> _Activity_: Write out the full set of records exactly. Any pictures in them do not belong in the copy.

> _Data for the task_:

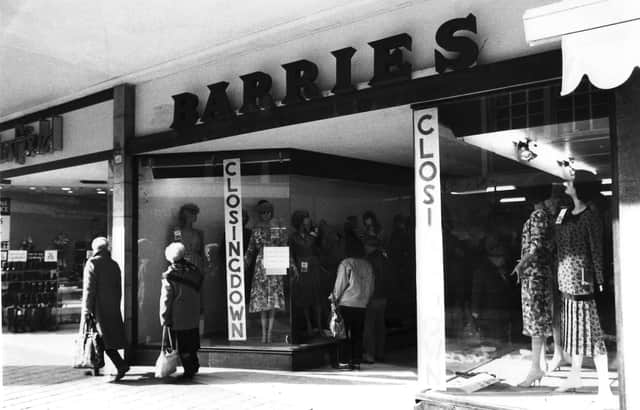 Barries in Palmerston Road in February 1991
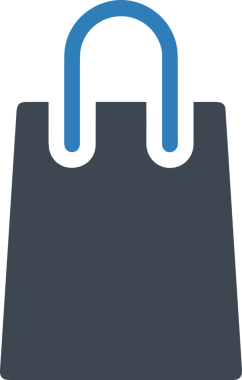 Web ve Grafiksel Tasarım için Minimalist Torba Simgesi Tasarım Biçimi Siyah ve Beyaz PNG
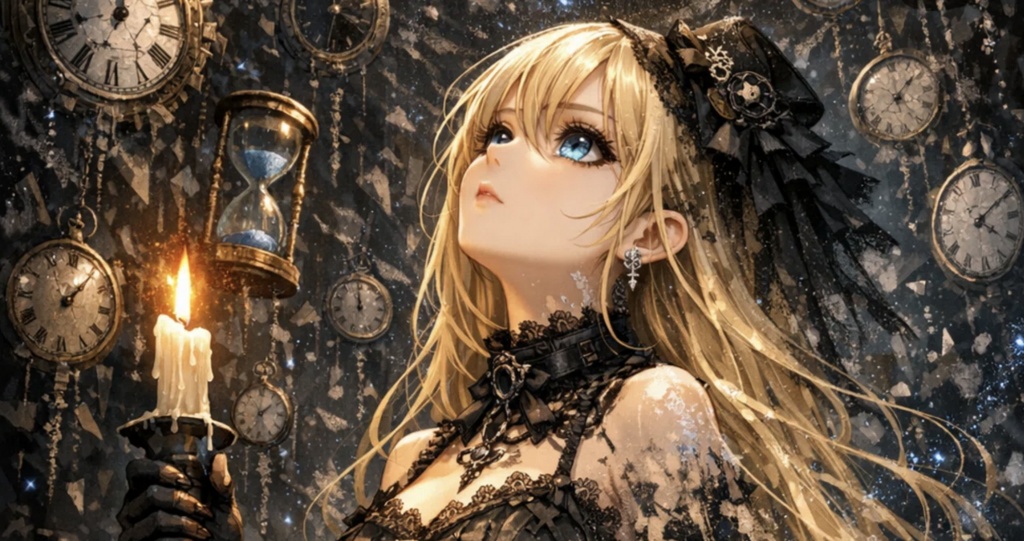 砂に溶ける刻｜Gothic Echoes｜時間という名の、美しくも残酷な制限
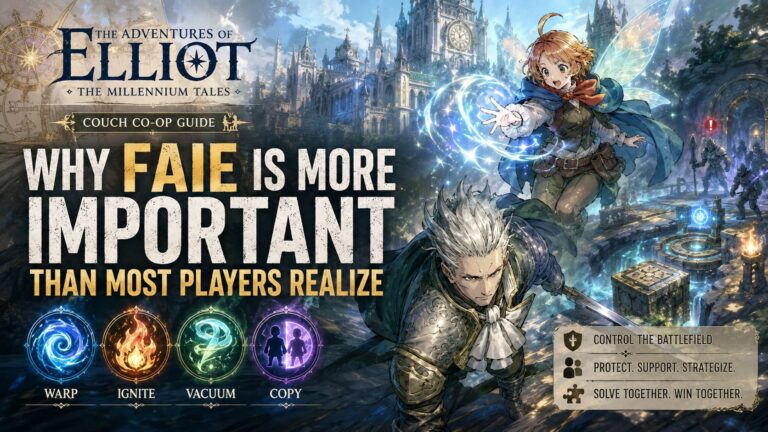 The Adventures of Elliot: The Millennium Tales Couch Co-Op Guide – Player 2 Fairy Mechanics, Spells, and Strategy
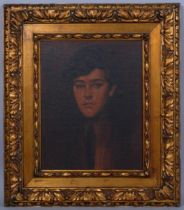 Portrait of a man, mid-20th century oil on board, unsigned, 45cm x 36cm, framed Good condition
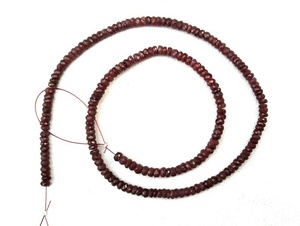 Wonderful Collection-1 hebra de piedras preciosas naturales de rubí rojo, cuentas facetadas, fabricación de joyas hechas a mano - Product Image 2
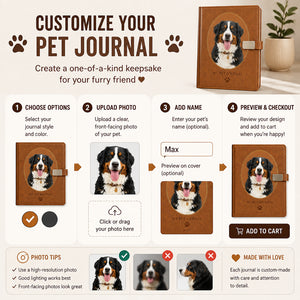Watercolor Pet Cameo Leather Journal - Personalized Graphic Leather Journal a6bd0360-d5ea-4610-9299-95a30aebcb60.jpg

> _Solution to this problem_:
 Barries in Palmerston Road in February 1991
 Web ve Grafiksel Tasarım için Minimalist Torba Simgesi Tasarım Biçimi Siyah ve Beyaz PNG
 砂に溶ける刻｜Gothic Echoes｜時間という名の、美しくも残酷な制限
 The Adventures of Elliot: The Millennium Tales Couch Co-Op Guide – Player 2 Fairy Mechanics, Spells, and Strategy
 Portrait of a man, mid-20th century oil on board, unsigned, 45cm x 36cm, framed Good condition
 Wonderful Collection-1 hebra de piedras preciosas naturales de rubí rojo, cuentas facetadas, fabricación de joyas hechas a mano - Product Image 2
Watercolor Pet Cameo Leather Journal - Personalized Graphic Leather Journal a6bd0360-d5ea-4610-9299-95a30aebcb60.jpg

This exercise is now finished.